INPUT FOR THIS TASK —
################
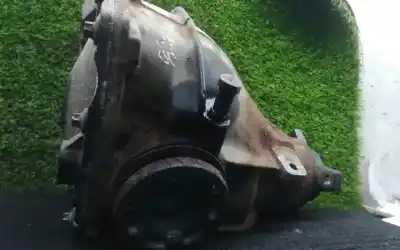 Second-hand car spare part center differential for mercedes-benz c-class t-model (s203) c 270 cdi (203.016) oem iam references r:2-65  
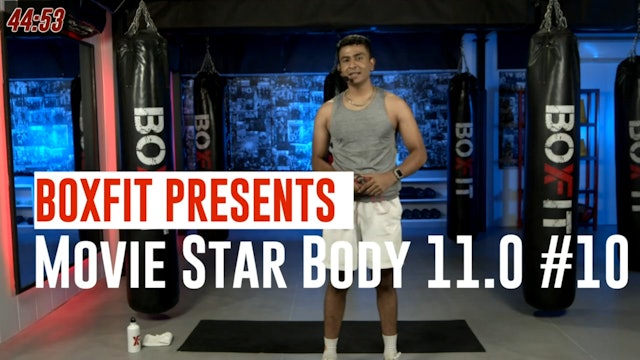 Movie Star Body 11.0 #10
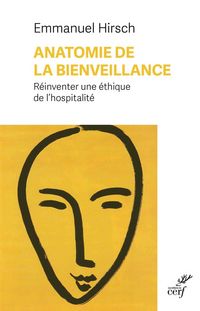 Produktbild: Anatomie de la bienveillance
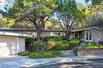 NESTLED INTO THE UPPER ROCKRIDGE HILLS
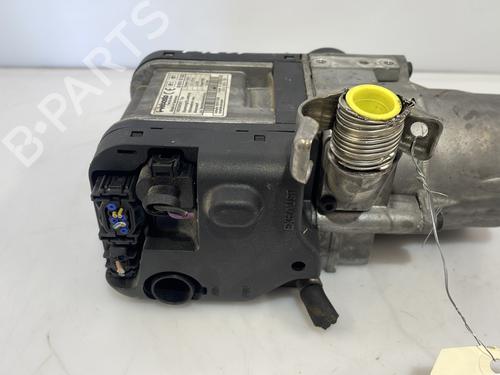 Electronic module LAND ROVER RANGE ROVER SPORT I (L320) 2.7 D 4x4 | BP25820375M83 
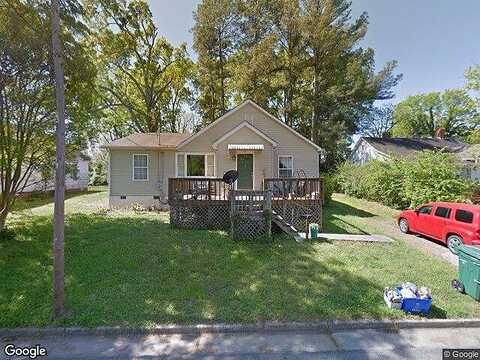 Hampton, CHESTER, SC 29706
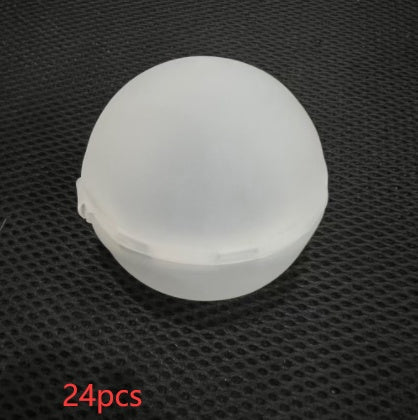Children's Silicone Water Fight Water Polo Toy Wave Ball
################
BRIEF — Please retype only the lines from the line that holds "Produktbild: Anatomie de la bienveillance" through the end of the records, exactly as they stand, and drop every picture.

RESULT FOR THIS TASK —
 Produktbild: Anatomie de la bienveillance
 NESTLED INTO THE UPPER ROCKRIDGE HILLS
 Electronic module LAND ROVER RANGE ROVER SPORT I (L320) 2.7 D 4x4 | BP25820375M83 
 Hampton, CHESTER, SC 29706
Children's Silicone Water Fight Water Polo Toy Wave Ball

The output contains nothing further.